Exercise directions
Look through the entries below for the string "Equipment", and copy each line where it is found.

Given records
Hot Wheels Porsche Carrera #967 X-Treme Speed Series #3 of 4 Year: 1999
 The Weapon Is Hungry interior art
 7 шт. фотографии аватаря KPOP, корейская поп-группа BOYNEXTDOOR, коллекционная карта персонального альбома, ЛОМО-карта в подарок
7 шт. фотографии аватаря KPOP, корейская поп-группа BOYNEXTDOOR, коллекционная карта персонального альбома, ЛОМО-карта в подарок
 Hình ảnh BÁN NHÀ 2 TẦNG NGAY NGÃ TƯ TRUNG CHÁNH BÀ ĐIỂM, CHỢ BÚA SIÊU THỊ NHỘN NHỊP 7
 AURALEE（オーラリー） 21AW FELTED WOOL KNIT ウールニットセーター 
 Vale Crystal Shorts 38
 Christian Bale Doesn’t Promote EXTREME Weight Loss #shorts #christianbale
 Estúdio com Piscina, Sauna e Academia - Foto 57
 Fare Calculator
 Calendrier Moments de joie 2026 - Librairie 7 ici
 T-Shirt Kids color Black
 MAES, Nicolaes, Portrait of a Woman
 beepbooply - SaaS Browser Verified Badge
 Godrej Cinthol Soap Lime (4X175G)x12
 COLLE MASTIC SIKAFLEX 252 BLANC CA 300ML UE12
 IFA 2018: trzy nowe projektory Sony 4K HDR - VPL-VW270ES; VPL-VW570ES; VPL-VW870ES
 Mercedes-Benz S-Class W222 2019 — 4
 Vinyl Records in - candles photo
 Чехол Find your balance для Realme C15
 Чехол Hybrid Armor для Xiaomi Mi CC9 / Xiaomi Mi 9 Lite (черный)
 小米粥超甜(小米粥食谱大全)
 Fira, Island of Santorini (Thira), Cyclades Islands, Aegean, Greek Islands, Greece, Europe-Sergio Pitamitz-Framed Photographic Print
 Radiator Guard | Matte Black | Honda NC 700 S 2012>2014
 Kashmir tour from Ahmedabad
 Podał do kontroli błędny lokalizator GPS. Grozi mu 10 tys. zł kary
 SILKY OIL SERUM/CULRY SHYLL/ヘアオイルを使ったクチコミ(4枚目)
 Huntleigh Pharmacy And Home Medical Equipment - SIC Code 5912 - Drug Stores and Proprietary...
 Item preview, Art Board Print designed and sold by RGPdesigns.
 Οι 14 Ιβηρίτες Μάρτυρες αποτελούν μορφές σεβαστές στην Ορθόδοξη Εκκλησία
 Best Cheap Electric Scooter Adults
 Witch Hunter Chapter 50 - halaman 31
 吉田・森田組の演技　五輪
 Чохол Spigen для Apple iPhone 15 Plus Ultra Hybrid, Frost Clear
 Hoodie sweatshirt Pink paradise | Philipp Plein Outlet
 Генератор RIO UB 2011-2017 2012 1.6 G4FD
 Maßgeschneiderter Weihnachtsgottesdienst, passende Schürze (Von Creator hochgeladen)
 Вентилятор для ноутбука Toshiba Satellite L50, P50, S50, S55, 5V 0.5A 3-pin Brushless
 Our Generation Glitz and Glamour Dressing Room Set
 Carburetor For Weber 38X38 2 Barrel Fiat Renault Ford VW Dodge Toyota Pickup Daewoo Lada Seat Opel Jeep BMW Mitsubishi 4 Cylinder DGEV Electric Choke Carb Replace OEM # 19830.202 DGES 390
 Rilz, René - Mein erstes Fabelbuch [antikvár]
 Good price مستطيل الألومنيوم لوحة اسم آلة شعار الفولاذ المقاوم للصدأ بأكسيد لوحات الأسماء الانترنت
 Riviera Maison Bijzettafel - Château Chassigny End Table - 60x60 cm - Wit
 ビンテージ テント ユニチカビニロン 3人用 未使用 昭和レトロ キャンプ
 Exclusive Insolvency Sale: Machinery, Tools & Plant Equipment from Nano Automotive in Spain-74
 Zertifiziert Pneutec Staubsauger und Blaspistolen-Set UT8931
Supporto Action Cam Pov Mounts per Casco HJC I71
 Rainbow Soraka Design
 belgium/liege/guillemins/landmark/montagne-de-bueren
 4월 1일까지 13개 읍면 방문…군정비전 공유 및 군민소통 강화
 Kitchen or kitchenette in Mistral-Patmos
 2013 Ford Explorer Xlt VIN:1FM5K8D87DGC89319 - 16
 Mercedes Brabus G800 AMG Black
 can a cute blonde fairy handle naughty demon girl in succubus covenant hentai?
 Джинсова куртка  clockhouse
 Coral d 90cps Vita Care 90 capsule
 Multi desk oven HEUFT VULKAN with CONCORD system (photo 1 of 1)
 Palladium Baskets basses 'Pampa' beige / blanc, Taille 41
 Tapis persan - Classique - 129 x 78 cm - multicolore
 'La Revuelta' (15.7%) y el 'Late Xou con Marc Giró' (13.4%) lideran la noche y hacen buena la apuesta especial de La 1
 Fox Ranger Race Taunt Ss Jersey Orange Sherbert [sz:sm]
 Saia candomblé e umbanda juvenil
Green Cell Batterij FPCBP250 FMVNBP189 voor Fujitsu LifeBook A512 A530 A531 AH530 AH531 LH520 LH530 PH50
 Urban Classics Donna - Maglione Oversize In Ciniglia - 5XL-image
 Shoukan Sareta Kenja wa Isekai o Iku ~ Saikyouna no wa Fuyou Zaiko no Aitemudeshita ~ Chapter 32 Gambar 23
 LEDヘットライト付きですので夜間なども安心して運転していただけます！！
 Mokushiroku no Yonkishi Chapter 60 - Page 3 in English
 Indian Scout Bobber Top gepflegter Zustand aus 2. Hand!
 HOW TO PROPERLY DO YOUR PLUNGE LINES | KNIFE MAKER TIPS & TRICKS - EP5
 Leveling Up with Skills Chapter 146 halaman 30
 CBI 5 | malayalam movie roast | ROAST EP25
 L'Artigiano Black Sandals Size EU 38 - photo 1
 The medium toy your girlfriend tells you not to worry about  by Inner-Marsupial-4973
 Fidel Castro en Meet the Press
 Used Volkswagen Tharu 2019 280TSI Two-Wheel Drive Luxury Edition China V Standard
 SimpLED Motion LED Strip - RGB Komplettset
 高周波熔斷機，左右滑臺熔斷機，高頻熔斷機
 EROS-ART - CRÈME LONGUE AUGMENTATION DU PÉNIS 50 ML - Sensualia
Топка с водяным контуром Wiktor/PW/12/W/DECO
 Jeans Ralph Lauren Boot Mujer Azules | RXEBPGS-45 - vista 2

Response to the task
 Huntleigh Pharmacy And Home Medical Equipment - SIC Code 5912 - Drug Stores and Proprietary...
 Exclusive Insolvency Sale: Machinery, Tools & Plant Equipment from Nano Automotive in Spain-74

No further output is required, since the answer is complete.